Equation parser

A Neuron or Synapse instance is primarily defined by two sets of values which must be specified in its constructor:

  • Parameters are values such as time constants which are constant during the simulation. They can be the same throughout the population/projection (global), or take different values for each neuron/synapse (local). In projections, they can also be semiglobal: one value per post-synaptic neuron.

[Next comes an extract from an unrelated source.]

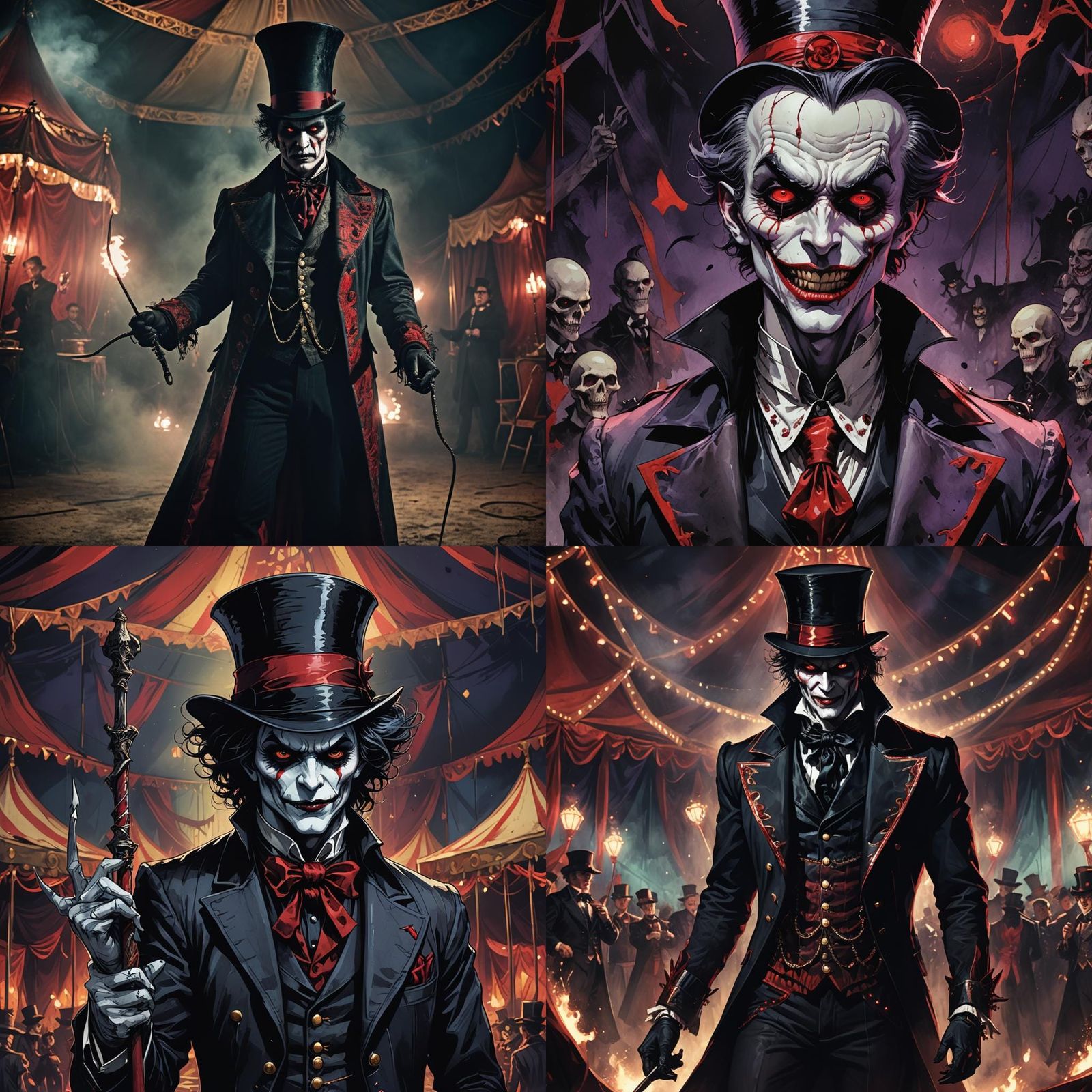 Demonic Vampire Ringmaster in Anime Cel-Shaded Style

  • Variables are neuronal variables (for example the membrane potential or firing rate) or synaptic variables (the synaptic efficiency) whose value evolve with time during the simulation. The equation (which can be an ordinary differential equation or not) ruling their evolution can be described using a specific equation-oriented language.

Parameters

Parameters are provided to Neuron or Synapse models using dictionaries:

neuron = ann.Neuron(
    parameters = dict(
        tau = 10.0,
        baseline = -0.1,
    )
)

A multiline string can also be passed (see below).

As a neuron/synapse type is likely to be reused in different populations/projections, it is good practice to set reasonable initial values in the neuron/synapse type, and eventually adapt them to the corresponding populations/projections later on.

Local vs. global parameters

Neural parameters can be either local (each neuron has a different value of the parameter) or global (the value is the same for all neurons of a population - but can be different in two populations using the same neuron type).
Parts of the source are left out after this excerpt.